Exercise objective:
Skip all pictures. Write out the data below from its first line through the line that contains "Those are the".

Dataset excerpts:
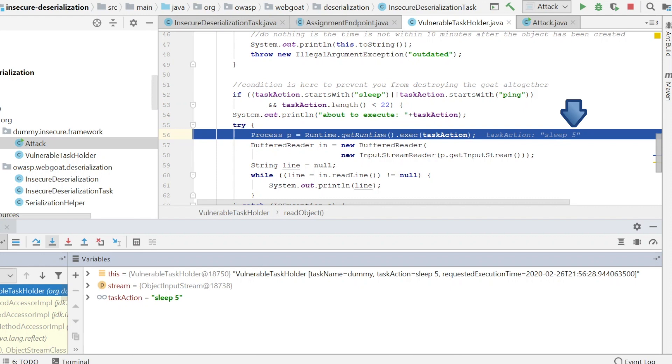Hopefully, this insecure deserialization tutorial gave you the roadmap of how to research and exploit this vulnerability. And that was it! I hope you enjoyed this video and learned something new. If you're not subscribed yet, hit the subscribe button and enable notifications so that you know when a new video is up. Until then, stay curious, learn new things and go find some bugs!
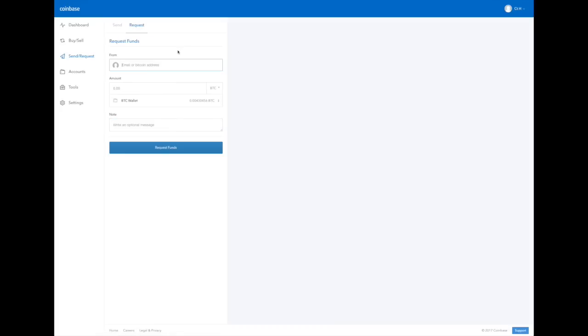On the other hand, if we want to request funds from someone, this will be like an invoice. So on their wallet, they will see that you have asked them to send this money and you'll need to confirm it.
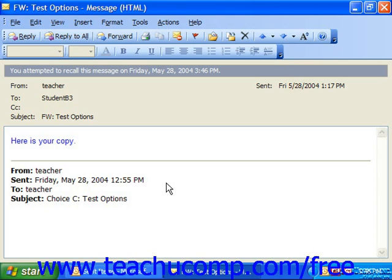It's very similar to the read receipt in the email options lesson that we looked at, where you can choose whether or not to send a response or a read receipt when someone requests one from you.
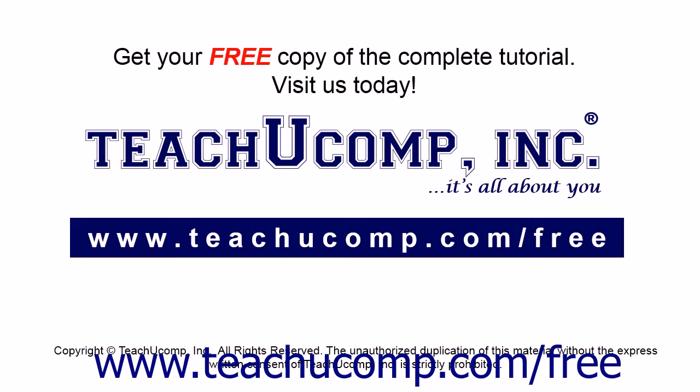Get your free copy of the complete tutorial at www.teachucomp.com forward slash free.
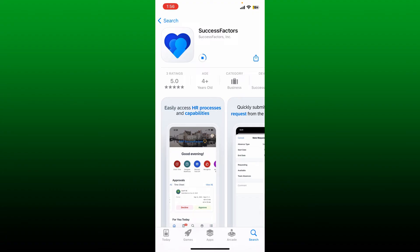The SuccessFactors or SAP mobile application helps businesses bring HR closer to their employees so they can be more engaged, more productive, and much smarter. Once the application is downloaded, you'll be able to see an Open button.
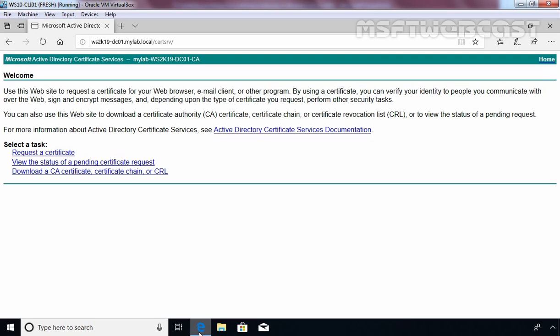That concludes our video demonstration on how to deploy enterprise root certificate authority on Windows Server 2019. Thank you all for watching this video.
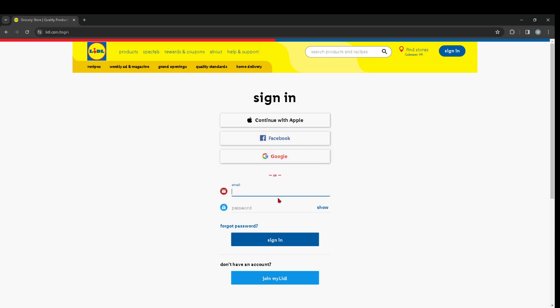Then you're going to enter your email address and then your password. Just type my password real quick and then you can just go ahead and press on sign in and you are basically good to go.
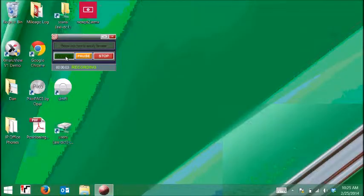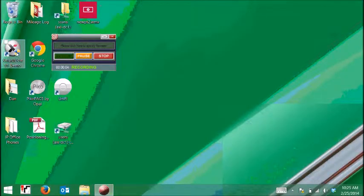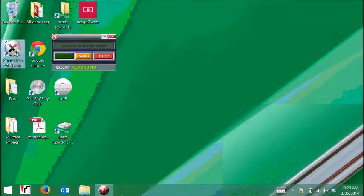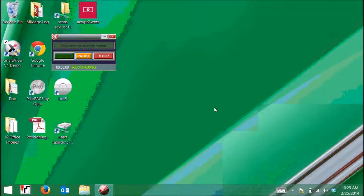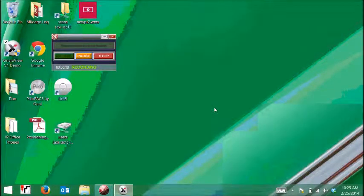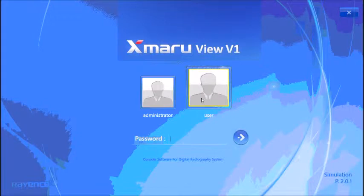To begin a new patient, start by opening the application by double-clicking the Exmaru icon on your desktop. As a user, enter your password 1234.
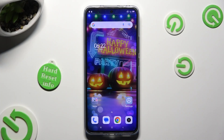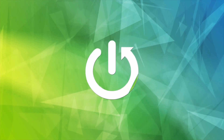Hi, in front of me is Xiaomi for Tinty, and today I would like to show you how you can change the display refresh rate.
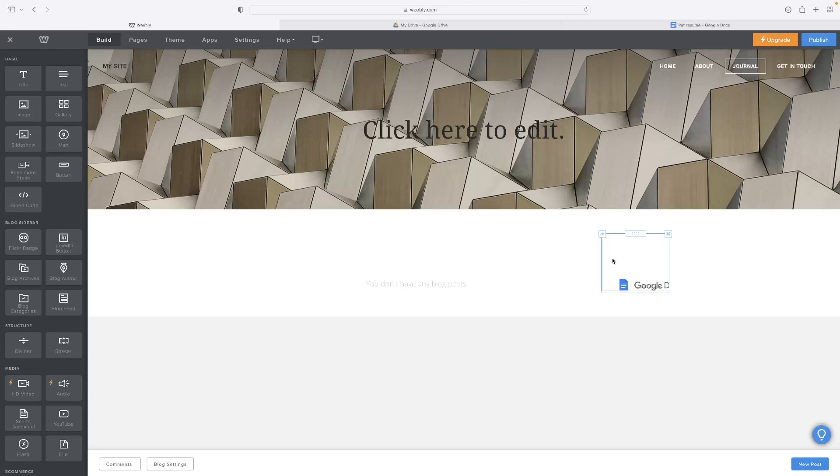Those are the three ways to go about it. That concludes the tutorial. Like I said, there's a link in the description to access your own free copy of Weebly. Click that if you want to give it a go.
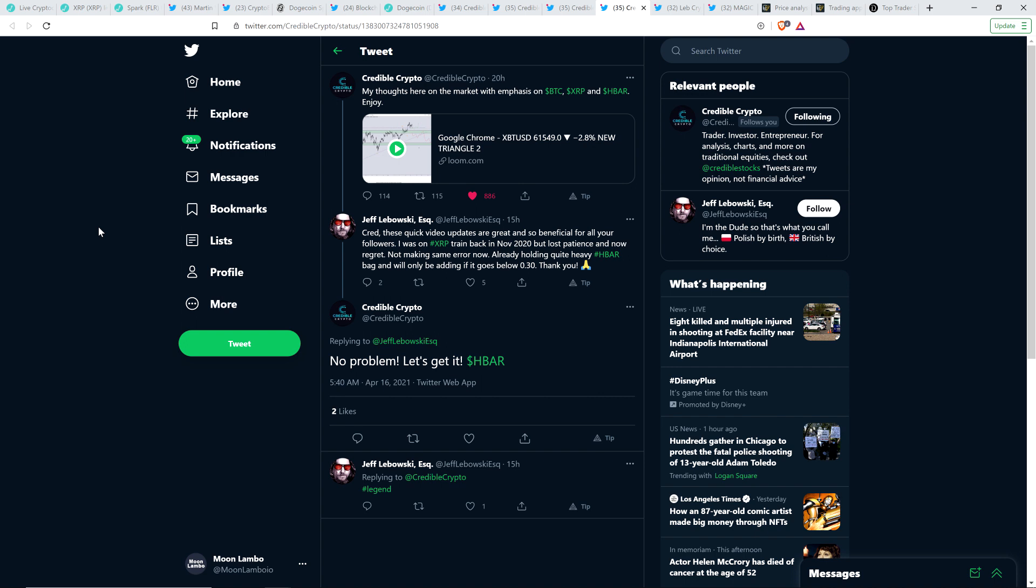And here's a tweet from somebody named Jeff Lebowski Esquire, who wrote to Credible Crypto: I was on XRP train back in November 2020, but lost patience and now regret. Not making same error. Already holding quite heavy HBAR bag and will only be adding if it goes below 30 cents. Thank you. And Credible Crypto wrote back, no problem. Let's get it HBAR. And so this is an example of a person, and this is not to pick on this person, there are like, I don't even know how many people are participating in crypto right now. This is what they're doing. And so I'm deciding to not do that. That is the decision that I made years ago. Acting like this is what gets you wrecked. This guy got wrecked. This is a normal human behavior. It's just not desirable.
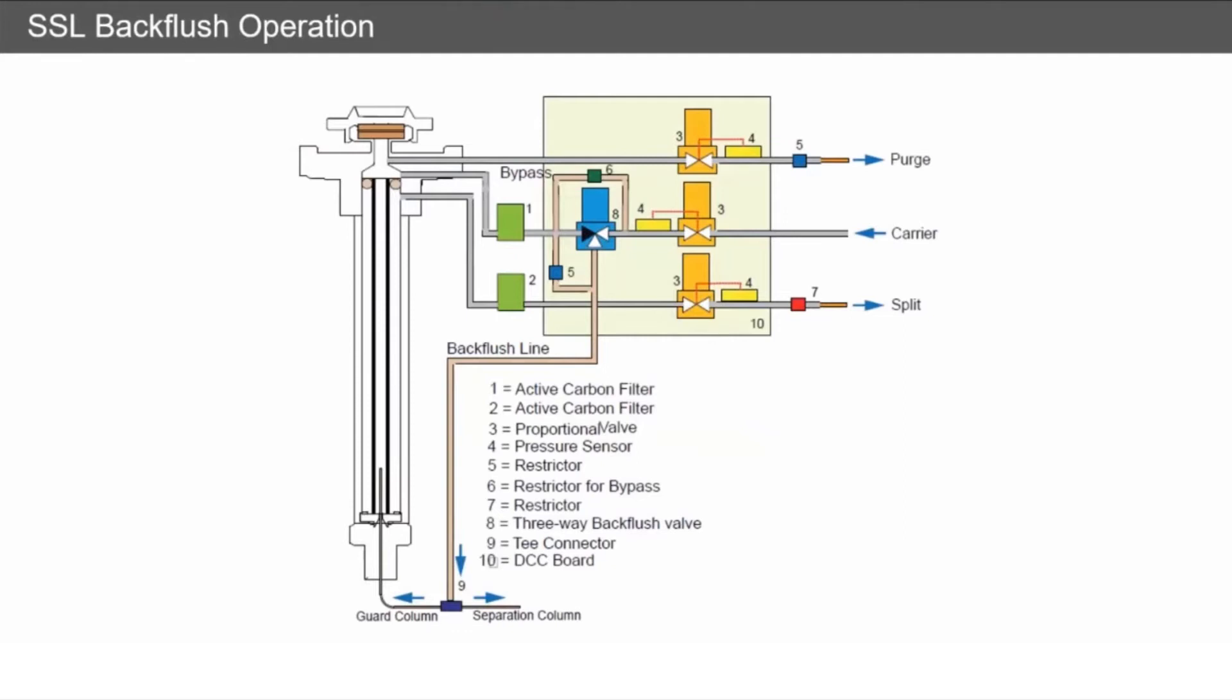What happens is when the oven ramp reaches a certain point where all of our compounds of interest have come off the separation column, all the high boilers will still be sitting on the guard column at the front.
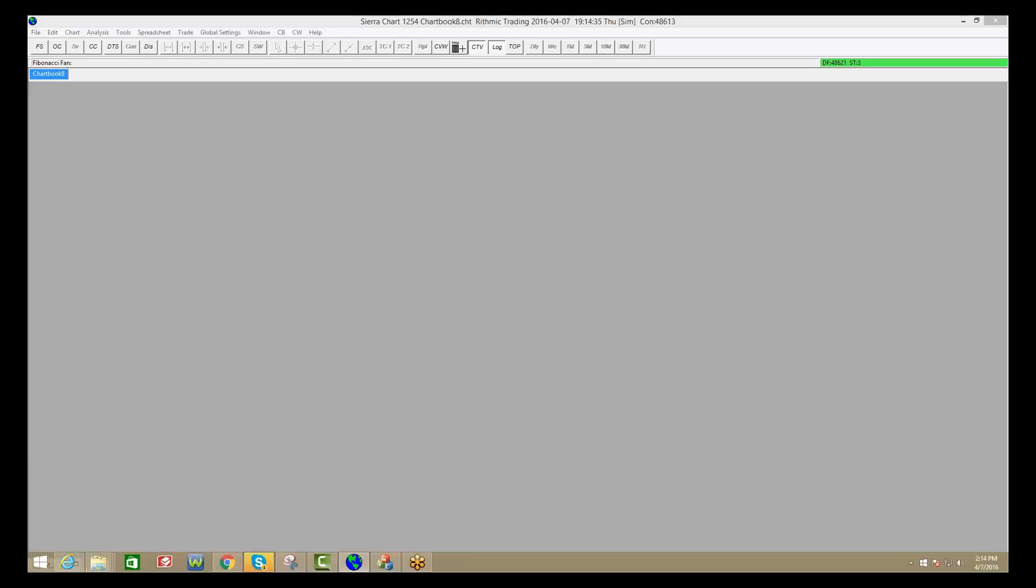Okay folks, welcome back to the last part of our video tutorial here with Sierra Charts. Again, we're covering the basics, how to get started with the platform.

Response area:
Hopefully, this insecure deserialization tutorial gave you the roadmap of how to research and exploit this vulnerability. And that was it! I hope you enjoyed this video and learned something new. If you're not subscribed yet, hit the subscribe button and enable notifications so that you know when a new video is up. Until then, stay curious, learn new things and go find some bugs!
On the other hand, if we want to request funds from someone, this will be like an invoice. So on their wallet, they will see that you have asked them to send this money and you'll need to confirm it.
It's very similar to the read receipt in the email options lesson that we looked at, where you can choose whether or not to send a response or a read receipt when someone requests one from you.
Get your free copy of the complete tutorial at www.teachucomp.com forward slash free.
The SuccessFactors or SAP mobile application helps businesses bring HR closer to their employees so they can be more engaged, more productive, and much smarter. Once the application is downloaded, you'll be able to see an Open button.
That concludes our video demonstration on how to deploy enterprise root certificate authority on Windows Server 2019. Thank you all for watching this video.
Then you're going to enter your email address and then your password. Just type my password real quick and then you can just go ahead and press on sign in and you are basically good to go.
To begin a new patient, start by opening the application by double-clicking the Exmaru icon on your desktop. As a user, enter your password 1234.
Hi, in front of me is Xiaomi for Tinty, and today I would like to show you how you can change the display refresh rate.
Those are the three ways to go about it. That concludes the tutorial. Like I said, there's a link in the description to access your own free copy of Weebly. Click that if you want to give it a go.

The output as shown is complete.